Work instruction: With the pictures left aside, write out exactly the lines of the listing below from the line with "Hi everyone, this" to the line with "If a confirmation", both included, and only those.

Provided material:
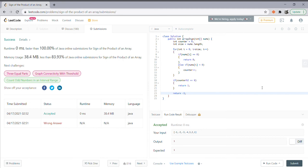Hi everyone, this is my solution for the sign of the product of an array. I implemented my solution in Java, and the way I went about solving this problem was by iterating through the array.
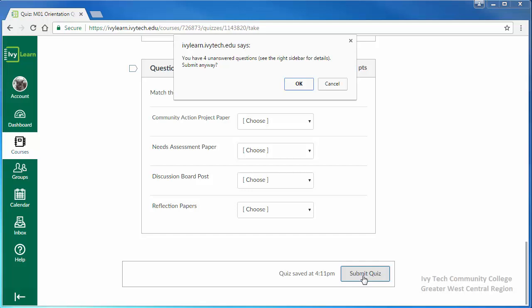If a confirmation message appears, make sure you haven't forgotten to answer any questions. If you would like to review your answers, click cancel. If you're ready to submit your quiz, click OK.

--

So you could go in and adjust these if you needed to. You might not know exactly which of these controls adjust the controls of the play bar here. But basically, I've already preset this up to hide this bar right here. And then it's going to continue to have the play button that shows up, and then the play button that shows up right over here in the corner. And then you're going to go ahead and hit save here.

...

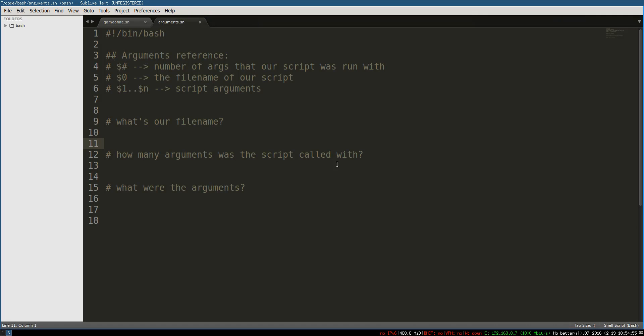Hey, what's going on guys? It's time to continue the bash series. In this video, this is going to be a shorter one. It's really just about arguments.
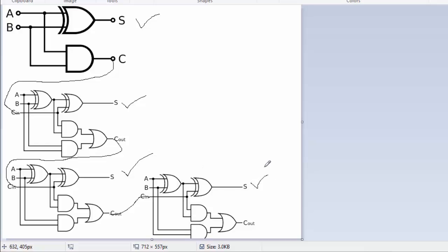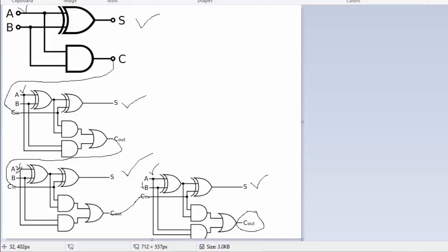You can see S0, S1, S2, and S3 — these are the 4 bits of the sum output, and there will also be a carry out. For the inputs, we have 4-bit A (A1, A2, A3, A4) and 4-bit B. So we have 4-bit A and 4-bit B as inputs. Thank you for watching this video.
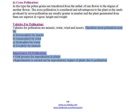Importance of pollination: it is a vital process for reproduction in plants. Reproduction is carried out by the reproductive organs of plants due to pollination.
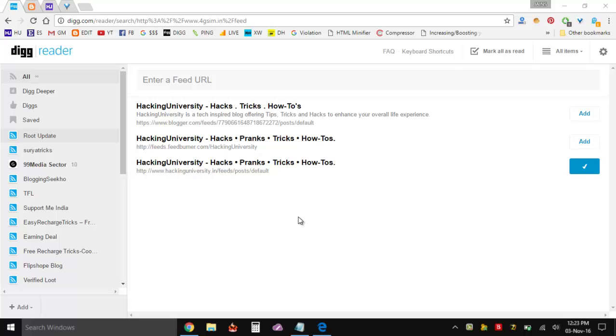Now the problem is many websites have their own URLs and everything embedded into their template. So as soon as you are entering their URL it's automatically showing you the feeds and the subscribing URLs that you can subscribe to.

Solution to this task:
Hi everyone, this is my solution for the sign of the product of an array. I implemented my solution in Java, and the way I went about solving this problem was by iterating through the array.
If a confirmation message appears, make sure you haven't forgotten to answer any questions. If you would like to review your answers, click cancel. If you're ready to submit your quiz, click OK.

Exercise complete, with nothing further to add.